Authors: Sonya Mukherjee

“Black,” she said. “Black will do just fine.”

28
Hailey

“So,” I said as the minivan pulled out of the parking lot, “we need to stop at the mall to buy a couple of dresses.”

I tried to make this sound like the sort of normal, casual thing that I might say on any ordinary weekday. Never mind that we had never been to a mall in our lives. Mostly we shopped online.

“Don't be silly,” Mom said. “It's November. You don't need any dresses in November.”

“I meant formal dresses,” I explained patiently. “For the Sadie Hawkins dance. I'm going with Alek. And I thought Clara just might want to tag along, so she'll need a dress too.”

Mom didn't answer. I gave Clara a sidelong glance, worried that she would side with Mom, but she didn't say a word. In fact, if I wasn't mistaken, she was smiling faintly.

“Yes,” she said, “I think I'd like to get a dress for that.”

I didn't understand what was going on with Clara today. But at the moment I definitely liked it.

“Absolutely not,” Mom snapped. “You are not going to any dance with that boy, Hailey. And I do not want you spending any more time around him.”
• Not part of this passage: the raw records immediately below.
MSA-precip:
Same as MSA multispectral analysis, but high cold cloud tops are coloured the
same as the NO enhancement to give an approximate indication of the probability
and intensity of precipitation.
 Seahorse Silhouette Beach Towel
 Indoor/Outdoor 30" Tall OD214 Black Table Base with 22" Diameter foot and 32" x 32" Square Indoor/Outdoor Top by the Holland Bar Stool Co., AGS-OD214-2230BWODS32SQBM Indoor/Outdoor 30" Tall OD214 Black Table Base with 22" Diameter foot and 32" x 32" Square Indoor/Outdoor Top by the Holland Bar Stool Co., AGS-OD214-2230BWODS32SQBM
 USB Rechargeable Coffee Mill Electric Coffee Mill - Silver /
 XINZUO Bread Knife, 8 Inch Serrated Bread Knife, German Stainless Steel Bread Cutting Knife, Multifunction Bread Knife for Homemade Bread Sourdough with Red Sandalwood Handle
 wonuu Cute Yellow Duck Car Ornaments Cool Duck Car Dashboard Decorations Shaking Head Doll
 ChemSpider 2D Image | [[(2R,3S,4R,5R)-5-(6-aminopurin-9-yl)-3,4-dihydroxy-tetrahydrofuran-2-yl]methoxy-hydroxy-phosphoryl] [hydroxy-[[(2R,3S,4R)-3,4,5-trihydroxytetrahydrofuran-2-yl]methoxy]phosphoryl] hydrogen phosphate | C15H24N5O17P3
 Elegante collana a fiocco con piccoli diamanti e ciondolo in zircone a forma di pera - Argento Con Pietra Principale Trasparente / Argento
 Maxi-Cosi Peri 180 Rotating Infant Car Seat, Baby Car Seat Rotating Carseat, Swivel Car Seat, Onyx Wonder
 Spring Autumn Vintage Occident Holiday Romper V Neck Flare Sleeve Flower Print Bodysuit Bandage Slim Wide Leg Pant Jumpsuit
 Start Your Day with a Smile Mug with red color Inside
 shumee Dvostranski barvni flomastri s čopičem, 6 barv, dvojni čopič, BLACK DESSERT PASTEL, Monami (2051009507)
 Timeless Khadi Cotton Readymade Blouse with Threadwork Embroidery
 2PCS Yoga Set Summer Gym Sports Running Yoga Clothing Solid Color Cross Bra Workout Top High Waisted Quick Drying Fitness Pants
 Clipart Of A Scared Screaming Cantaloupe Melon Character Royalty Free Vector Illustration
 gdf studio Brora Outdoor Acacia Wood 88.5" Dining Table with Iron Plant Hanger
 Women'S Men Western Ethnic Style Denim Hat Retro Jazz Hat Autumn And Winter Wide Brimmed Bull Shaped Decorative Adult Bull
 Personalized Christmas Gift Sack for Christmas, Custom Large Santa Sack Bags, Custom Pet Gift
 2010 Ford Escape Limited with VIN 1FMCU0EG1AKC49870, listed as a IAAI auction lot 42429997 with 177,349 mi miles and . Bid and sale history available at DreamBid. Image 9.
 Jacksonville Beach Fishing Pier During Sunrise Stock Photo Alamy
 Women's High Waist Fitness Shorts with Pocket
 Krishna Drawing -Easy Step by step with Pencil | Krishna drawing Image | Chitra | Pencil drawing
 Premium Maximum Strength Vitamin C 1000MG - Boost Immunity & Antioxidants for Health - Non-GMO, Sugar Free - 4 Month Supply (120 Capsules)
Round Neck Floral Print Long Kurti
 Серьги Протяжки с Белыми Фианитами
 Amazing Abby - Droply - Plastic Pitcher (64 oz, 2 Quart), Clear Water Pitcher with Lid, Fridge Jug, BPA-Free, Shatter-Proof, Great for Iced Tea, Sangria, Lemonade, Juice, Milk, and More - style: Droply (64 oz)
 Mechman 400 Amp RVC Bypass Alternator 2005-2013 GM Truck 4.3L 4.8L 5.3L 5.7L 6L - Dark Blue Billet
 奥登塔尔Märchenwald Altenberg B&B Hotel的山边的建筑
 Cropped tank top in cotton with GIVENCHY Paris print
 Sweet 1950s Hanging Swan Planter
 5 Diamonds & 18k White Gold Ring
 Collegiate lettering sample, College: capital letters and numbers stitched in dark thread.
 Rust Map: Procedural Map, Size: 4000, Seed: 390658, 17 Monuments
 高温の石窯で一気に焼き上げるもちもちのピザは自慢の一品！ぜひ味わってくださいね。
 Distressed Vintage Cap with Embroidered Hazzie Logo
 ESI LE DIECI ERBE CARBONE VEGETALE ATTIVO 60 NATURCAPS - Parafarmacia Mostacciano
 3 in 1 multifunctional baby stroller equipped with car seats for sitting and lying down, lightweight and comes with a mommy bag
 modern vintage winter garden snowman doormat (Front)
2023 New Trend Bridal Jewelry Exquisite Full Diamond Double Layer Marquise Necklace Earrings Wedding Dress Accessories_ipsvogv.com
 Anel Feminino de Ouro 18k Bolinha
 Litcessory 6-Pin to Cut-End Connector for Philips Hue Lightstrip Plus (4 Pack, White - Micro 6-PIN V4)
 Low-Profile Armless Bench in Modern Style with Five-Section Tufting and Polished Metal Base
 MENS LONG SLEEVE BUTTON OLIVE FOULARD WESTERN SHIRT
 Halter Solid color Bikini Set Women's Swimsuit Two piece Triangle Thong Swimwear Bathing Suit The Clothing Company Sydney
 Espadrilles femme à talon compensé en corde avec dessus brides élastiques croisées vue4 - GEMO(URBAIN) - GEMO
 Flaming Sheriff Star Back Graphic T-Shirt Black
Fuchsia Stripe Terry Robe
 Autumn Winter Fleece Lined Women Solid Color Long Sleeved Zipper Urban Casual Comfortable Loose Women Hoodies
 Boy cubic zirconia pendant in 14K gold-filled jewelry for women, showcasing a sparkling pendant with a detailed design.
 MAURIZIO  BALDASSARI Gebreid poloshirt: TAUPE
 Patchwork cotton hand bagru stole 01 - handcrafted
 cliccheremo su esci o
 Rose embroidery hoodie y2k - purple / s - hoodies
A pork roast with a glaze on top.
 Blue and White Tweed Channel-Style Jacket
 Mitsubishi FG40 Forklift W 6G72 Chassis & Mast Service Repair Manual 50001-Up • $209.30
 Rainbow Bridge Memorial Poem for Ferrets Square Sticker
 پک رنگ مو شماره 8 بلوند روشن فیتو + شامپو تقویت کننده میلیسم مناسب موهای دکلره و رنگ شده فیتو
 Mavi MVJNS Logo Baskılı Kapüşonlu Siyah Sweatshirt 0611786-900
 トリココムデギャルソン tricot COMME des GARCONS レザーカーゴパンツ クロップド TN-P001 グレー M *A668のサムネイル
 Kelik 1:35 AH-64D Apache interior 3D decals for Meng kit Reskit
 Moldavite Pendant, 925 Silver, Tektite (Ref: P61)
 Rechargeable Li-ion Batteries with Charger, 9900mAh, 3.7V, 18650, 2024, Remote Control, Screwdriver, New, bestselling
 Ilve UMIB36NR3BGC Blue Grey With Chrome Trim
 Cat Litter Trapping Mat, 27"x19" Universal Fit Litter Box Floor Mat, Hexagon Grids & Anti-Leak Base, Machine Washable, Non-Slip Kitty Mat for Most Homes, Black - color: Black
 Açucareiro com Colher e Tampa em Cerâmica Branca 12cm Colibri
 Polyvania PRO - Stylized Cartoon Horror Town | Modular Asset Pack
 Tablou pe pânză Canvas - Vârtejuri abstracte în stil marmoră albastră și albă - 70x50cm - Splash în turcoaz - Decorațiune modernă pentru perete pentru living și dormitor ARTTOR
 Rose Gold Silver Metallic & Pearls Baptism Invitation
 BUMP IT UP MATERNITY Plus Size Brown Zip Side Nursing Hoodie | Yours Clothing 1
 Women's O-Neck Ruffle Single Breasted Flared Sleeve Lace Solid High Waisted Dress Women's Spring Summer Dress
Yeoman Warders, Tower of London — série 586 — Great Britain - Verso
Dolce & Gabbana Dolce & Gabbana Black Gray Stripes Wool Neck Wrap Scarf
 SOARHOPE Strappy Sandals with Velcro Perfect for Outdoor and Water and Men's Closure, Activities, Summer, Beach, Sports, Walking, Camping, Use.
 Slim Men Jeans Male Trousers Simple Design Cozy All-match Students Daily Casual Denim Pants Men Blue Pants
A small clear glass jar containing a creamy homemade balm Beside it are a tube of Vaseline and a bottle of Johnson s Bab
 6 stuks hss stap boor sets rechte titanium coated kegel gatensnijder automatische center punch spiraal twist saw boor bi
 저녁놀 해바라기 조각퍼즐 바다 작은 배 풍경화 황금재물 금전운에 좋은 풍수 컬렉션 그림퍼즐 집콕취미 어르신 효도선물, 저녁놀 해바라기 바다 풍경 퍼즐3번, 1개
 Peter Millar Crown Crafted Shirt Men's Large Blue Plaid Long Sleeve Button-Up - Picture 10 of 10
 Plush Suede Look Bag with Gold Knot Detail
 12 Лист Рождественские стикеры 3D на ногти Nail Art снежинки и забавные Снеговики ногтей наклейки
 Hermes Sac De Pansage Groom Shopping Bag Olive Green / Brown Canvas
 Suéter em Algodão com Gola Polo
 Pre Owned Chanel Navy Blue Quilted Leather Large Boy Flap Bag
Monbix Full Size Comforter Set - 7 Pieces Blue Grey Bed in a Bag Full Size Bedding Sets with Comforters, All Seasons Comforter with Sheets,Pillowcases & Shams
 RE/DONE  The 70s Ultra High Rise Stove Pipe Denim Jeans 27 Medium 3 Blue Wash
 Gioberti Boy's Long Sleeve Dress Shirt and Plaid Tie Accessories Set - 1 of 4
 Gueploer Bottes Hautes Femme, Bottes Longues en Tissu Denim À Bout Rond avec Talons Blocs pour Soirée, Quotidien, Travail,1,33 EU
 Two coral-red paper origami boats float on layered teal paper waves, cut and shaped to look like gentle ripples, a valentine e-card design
“Really?” I gave a short, bitter laugh. “Why, what did he do to you?”

Mom glowered at me in the rearview mirror. “That was the same boy who came to our house all covered in blood the other day. You were angry at him. You were telling him to leave. You sounded like you never wanted to speak to him again. And now you're going to a dance with that boy? I don't think so.”

“Alek,” I said. “His name is Alek, not ‘that boy.'”

“Well, you're not to talk to him anymore,” Mom said. “He's bad news. I can tell.”

“Oh, you can
tell
,” I spit out. “That's a good one, Mom.”

“Hailey!” Mom turned around to glare at me over her shoulder.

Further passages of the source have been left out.